Zoosk asks users to reset passwords following mass leak

Online dating service Zoosk is urging some of its users to change their passwords following the leaking of a list of some 29 million passwords that seemingly contains theirs.

According to password expert Jeremi Gosney, who cracked over 90 percent of the leaked MD5 hashes (which were, unfortunately, not salted), nearly 3,000 contained the word “zoosk” in a variety of predictable combinations such as “logmein2zoosk” and “ilovezoosk”.

The set also includes a number of passwords containing word combinations such as “lookingforlove” and “lookingforsex,” which definitely points to the fact that the password must belong to users of a one or more online dating services (not necessarily Zoosk).

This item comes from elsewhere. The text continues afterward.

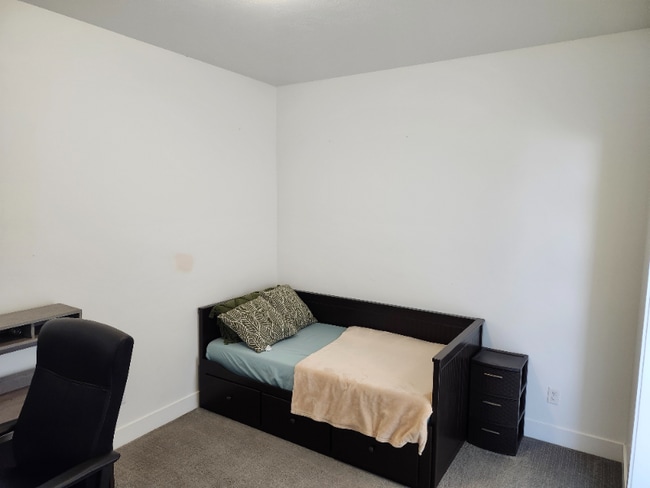 Photo - 99 N Lasalle Dr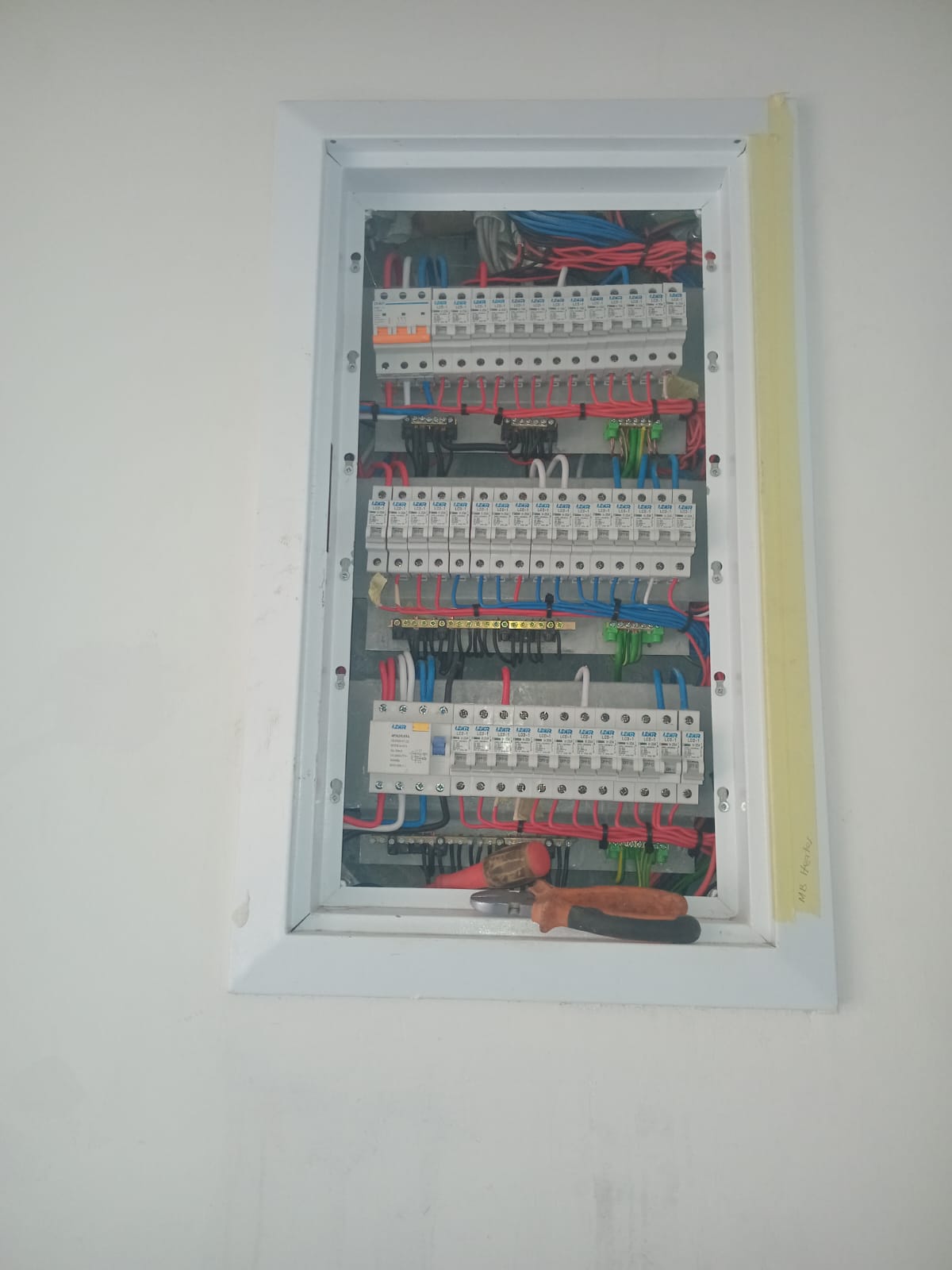 Electrical distribution board for solar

According to Ars Technica, the individual who posted links to the cracked passwords claims that the sets contain passwords from various sources, and the fact that they contain words like “yahoo”, “hotmail,” “linkedin” and similar supports the claim.

A Zoosk spokeswoman confirmed that they were asking a “small subset” of their users to reset their passwords, but said that their internal investigation so far revealed no evidence of their network having been compromised, and that they received no reports of user accounts being accessed by anyone other that the legitimate users.

She also added that the service no longer uses MD5 to encrypt user passwords. Instead, they have been employing the PBKDF2 key derivation function with the SHA-256 algorithm and salting, which makes the cracking of the password hashes considerably more time-consuming.